Hi Together,
i am quite new in the Knime world and would need your help to create a logic with specific rules for a “simple” duplicate row removal.
I have 4 excel files (Resistors, DaleResistors, Passives and Capacitors) that hold a material column and other columns like MOQ, Pack, Leadtimes etc.
With
Excel Reader Node
Constant Value Column Node
(to add a “Sourcefile” column with the name of the file like “Resistors”)
and Concatenate Node
i combined those 4 files together.
With a Duplicate Row Filter i would be able to identify all duplicated lines by column “Material”.
Now the question is:
I need a way to say
if a duplicate line is from Sourcefile “Passives” use that line and skip the other duplicated lines for that Material.
Else
if a duplicate line is from Sourcefile “Resistors” or “Capacitors” or “DaleResistors” use the first line found and skip the other duplicated lines for that Material.
As i have no clue which nodes are the best to use for that, are you able to help me?
I thought of an Rule Engine Node but i have no clue of programming really.
Thanks.
the Concatenate file has 1,5 Million Lines so probably not a good idea to share and even confidential. But i will try to give you at least some feedback:
and the data would look like that. Conc File.xlsx (10.6 KB)
So based on column Z “SourceFile” i need to identify that the duplicated line comes from file Passives and this line stays, all others should be removed.

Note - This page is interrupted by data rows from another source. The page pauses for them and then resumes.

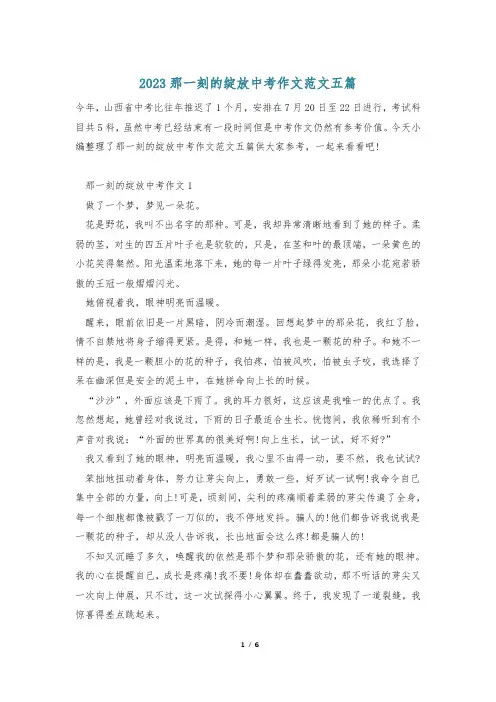 2023那一刻的绽放中考作文范文五篇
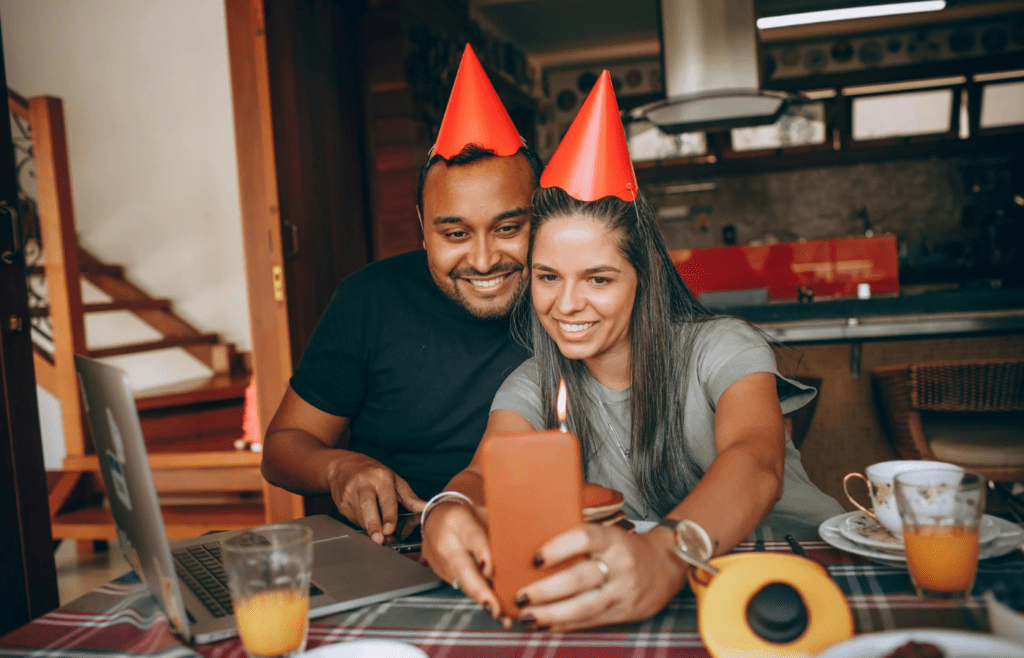 man and woman taking a picture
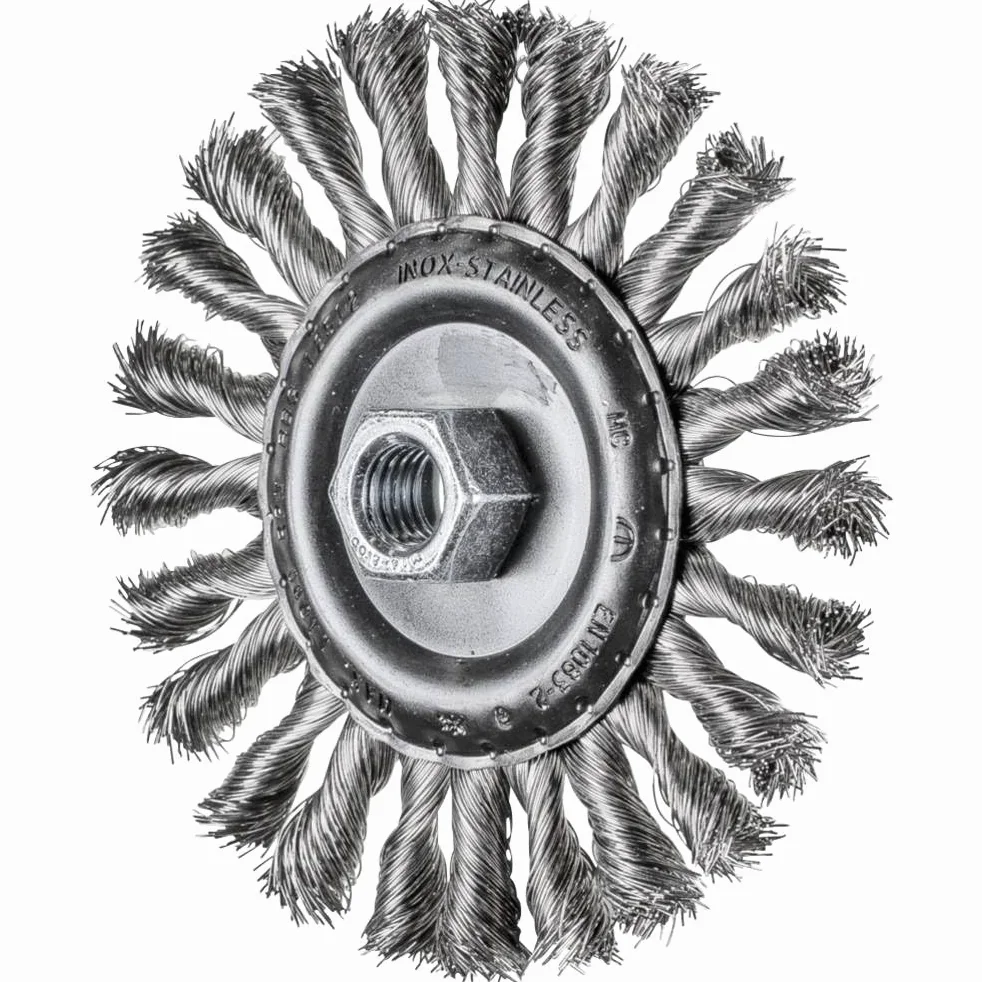 PFERD COMBITWIST okrągła szczotka warkoczowa RBG | Ø 125 x 12 mm M14 drut ze stali nierdzewnej ø 0,35 | 43303053 – do szlifierek kątowych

If there are duplicates based on the other files, example line 1 (Capacitors) and Line 2 (Resistors), then the “First Line” should be the chosen one and the other deleted.
In Excel i would just do a split in sheets for each Sourcefile and vlookup the Materials, if found, delete from all the others then Passive and if Passive is not involved keep one of the Sourcefile.
So not so complicated, but of course i would like to do that in Knime
thanks a lot for your help,
i did it now with a “DuplicationPriority” 1,2,3 and 4 by adding the numbers as a “constant value column”
and
took the Duplicate Row filter Node with the -Row chosen in case of duplicate- by “Minimum Of” and as selection the column “DuplicationPriority”.